Their passion was natural. What Aske saw in the green tree, they saw in the dry, and their horror at the plunge into social immorality was sharpened by the bitterness of disappointed hopes. It was all to have been so different! The movement which produced the Reformation was a Janus, not with two, but with several, faces, and among them had been one which looked wistfully for a political and social regeneration as the fruit of the regeneration of religion.[[10]] In England, as in Germany and Switzerland, men had dreamed of a Reformation which would reform the State and society, as well as the Church. The purification, not merely of doctrine, but of morals, the encouragement of learning, the diffusion of education, the relief of poverty, by the stirring into life of a mass of sleeping endowments, a spiritual and social revival inspired by the revival of the faith of the Gospel—such, not without judicious encouragement from a Government alert to play on public opinion, was the vision which had floated before the eyes of the humanitarian and the idealist.
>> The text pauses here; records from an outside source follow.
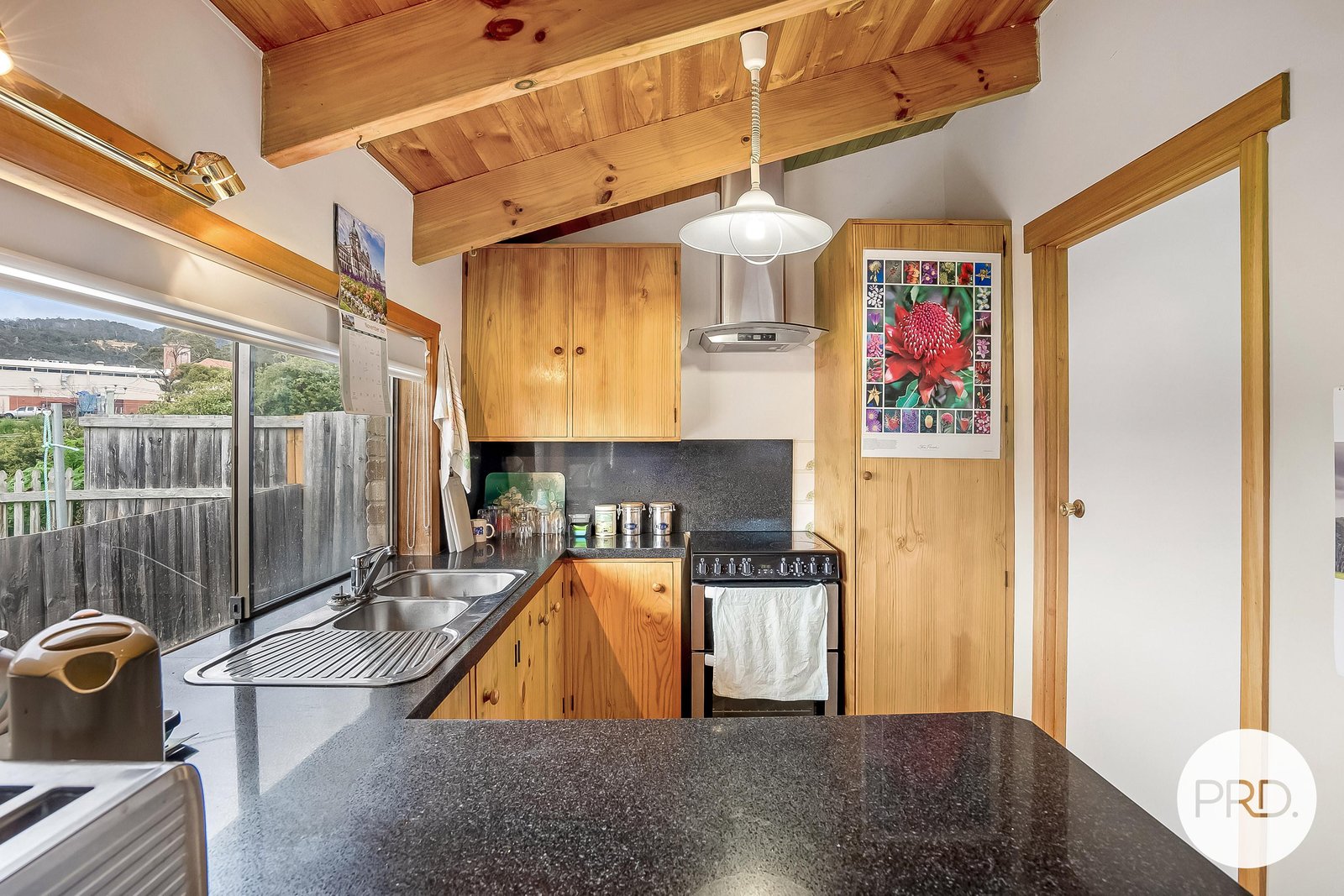 1/2 Calarie Court GLENORCHY 11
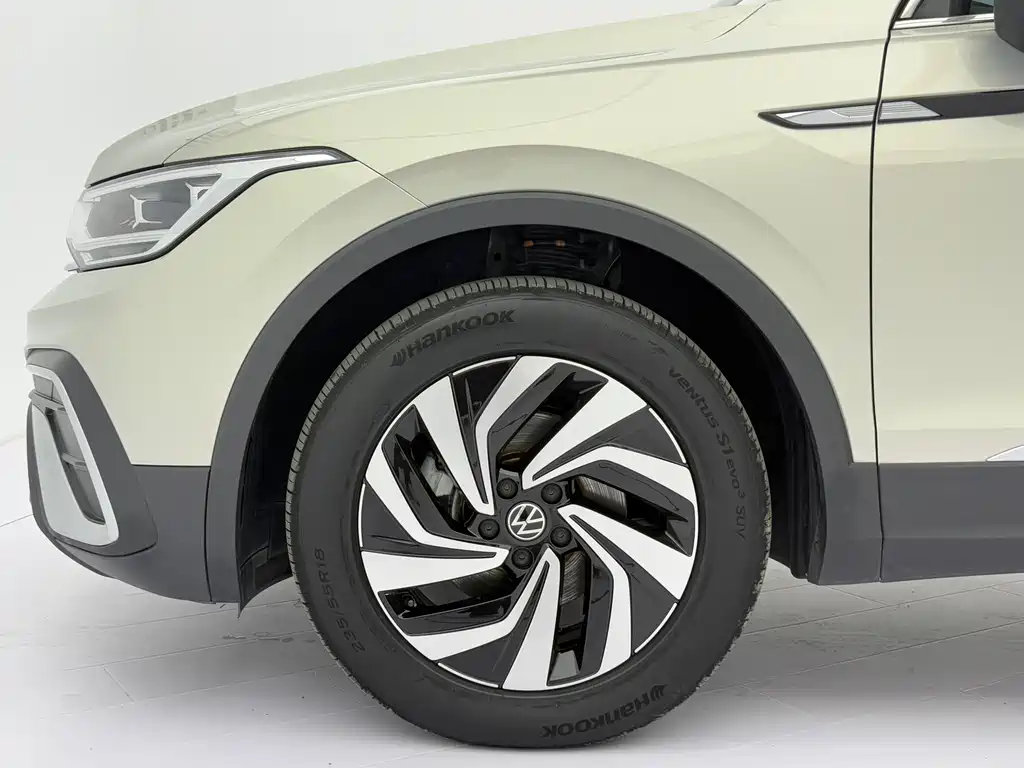 Volkswagen Tiguan L 2023 — фото 24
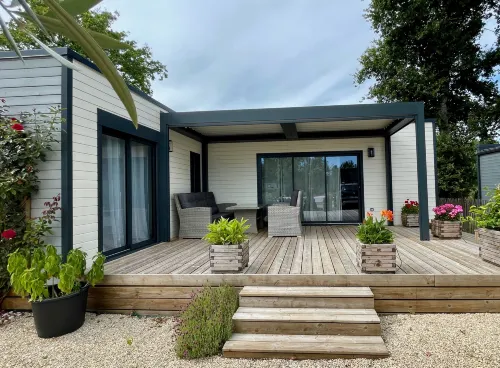 Modern and Cosy Ecolodge, Shared Heated Pool, les Mathes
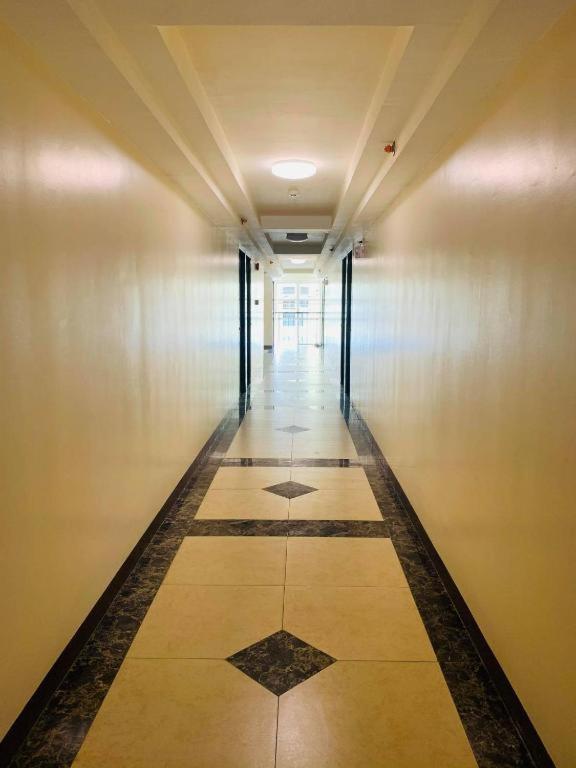 Huge @ Arezzo Place Apartment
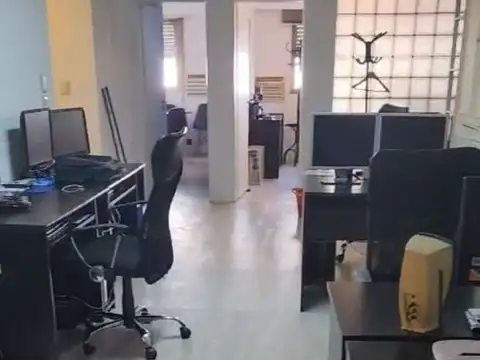Oficina 6 ambientes con 2 baños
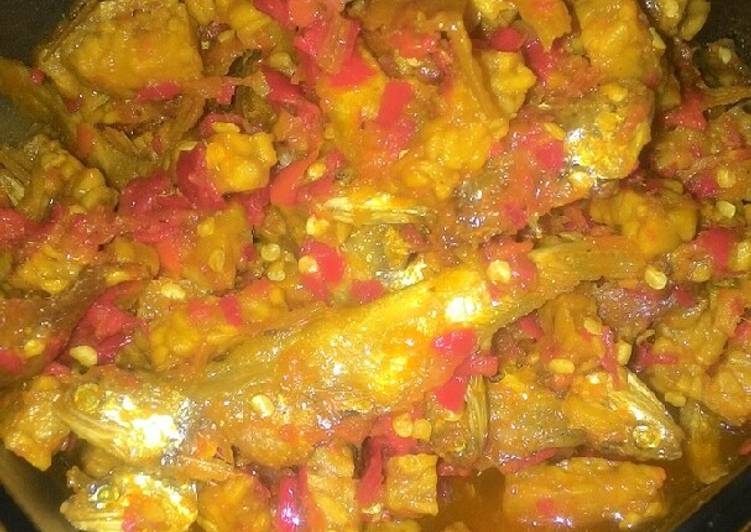 Proses mengolah Balado Tempe Ikan Asin, Bisa Manjain Lidah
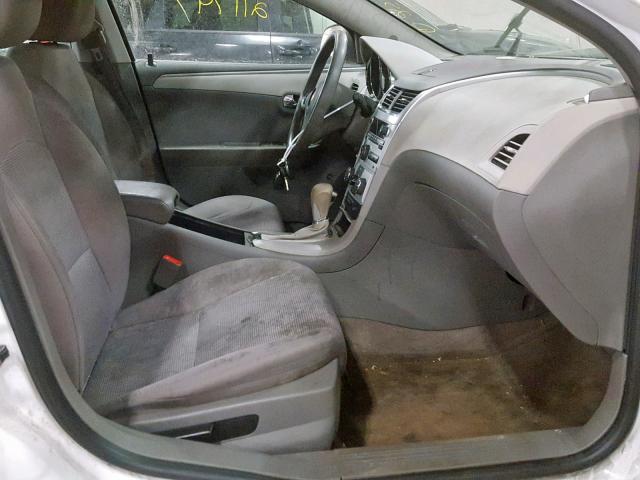1G1ZA5EU8BF375415 - 2011 CHEVROLET MALIBU LS WHITE photo 5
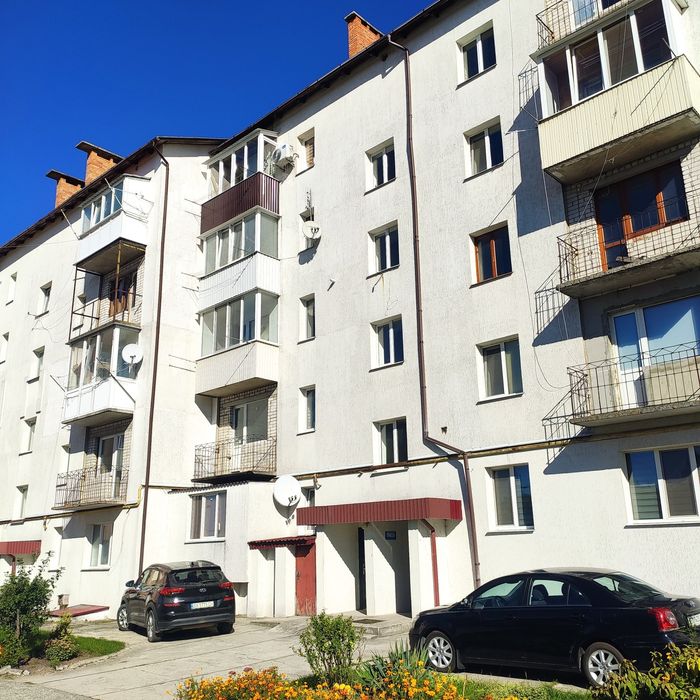 Продається 4-х кімнатна квартира 120м2, центр міста, 3 поверх, середин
It did not vanish without a struggle. At the very height of the economic crisis, Bucer, the tutor of Edward VI, and Professor of Divinity at Cambridge, stated the social program of a Christian renaissance in the manual of Christian politics which he drafted in order to explain to his pupil how the Kingdom of Christ might be established by a Christian prince. Its outlines were sharpened, and its details elaborated, with all the remorseless precision of a disciple of Calvin. Willful idlers are to be excommunicated by the Church and punished by the State. The Government, a pious mercantilist, is to revive the woollen industry, to introduce the linen industry, to insist on pasture being put under the plow. It is to take a high line with the commercial classes. For, though trade in itself is honorable, most traders are rogues—indeed “next to the sham priests, no class of men is more pestilential to the Commonwealth”; their works are usury, monopolies, and the bribery of Governments to overlook both. Fortunately, the remedies are simple. The State must fix just prices—“a very necessary but an easy matter.” Only “pious persons, devoted to the Commonwealth more than to their own interests,” are to be allowed to engage in trade at all. In every village and town a school is to be established under a master eminent for piety and wisdom. “Christian princes must above all things strive that men of virtue may abound, and live to the glory of God.... Neither the Church of Christ, nor a Christian Commonwealth, ought to tolerate such as prefer private gain to the public weal, or seek it to the hurt of their neighbors.”[[11]]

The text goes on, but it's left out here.